2. Der Beteiligte zu 1 hat mehrere Bescheinigungen vorgelegt, die ihm eine hohe Kompetenz als Betreuer in schwierigen Fällen und den in einer über zwanzigjährigen beruflichen Tätigkeit erbrachten Nachweis attestieren, über eine einem Fachhochschulabschluss gleichwertige Qualifikation zu verfügen. Nach der vom Gesetz angestellten formalen und typisierenden Betrachtungsweise kann es darauf jedoch nicht ankommen. Maßgebend ist danach allein, ob die abgeschlossene Ausbildung generell einem Hochschulabschluss gleichwertig ist. Überdurchschnittliche berufliche Leistungen des Betreuers und in seiner beruflichen Praxis erworbene besondere Kenntnisse können gem. § 1 Abs. 1 BVormVG nicht zu einer Erhöhung seiner Vergütung führen (OLG München OLGR 2006, 141; Staudinger/Bienwald § 1908i Rn. 314).

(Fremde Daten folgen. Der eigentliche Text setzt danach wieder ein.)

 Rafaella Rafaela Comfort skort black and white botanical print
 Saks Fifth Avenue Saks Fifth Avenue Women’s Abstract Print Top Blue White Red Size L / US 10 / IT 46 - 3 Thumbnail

Die Zusatzausbildung an der Fachschule für Heilpädagogik hat der Beteiligte zu 1 nicht abgeschlossen. Sie kann deshalb nicht berücksichtigt werden. Denn das Gesetz verlangt nach seinem eindeutigen Wortlaut eine abgeschlossene Ausbildung. Abgeschlossen ist eine Ausbildung, wenn ihr Erfolg durch eine vor einer staatlichen oder staatlich anerkannten Stelle abgelegte Prüfung belegt ist (BayObLG FamRZ 2001, 187, 188). Aus welchen Gründen die Prüfung nicht abgelegt worden ist, darf nicht berücksichtigt werden. Deshalb kommt es auch nicht darauf an, ob die von dem Beschwerdeführer begonnene, aber nicht abgeschlossene Ausbildung zum Heilpädagogen einem Fachhochschulstudium gleichwertig wäre.

Eine Entscheidung über die Tragung von Gerichtskosten oder die Erstattung außergerichtlicher Kosten ist nicht veranlasst.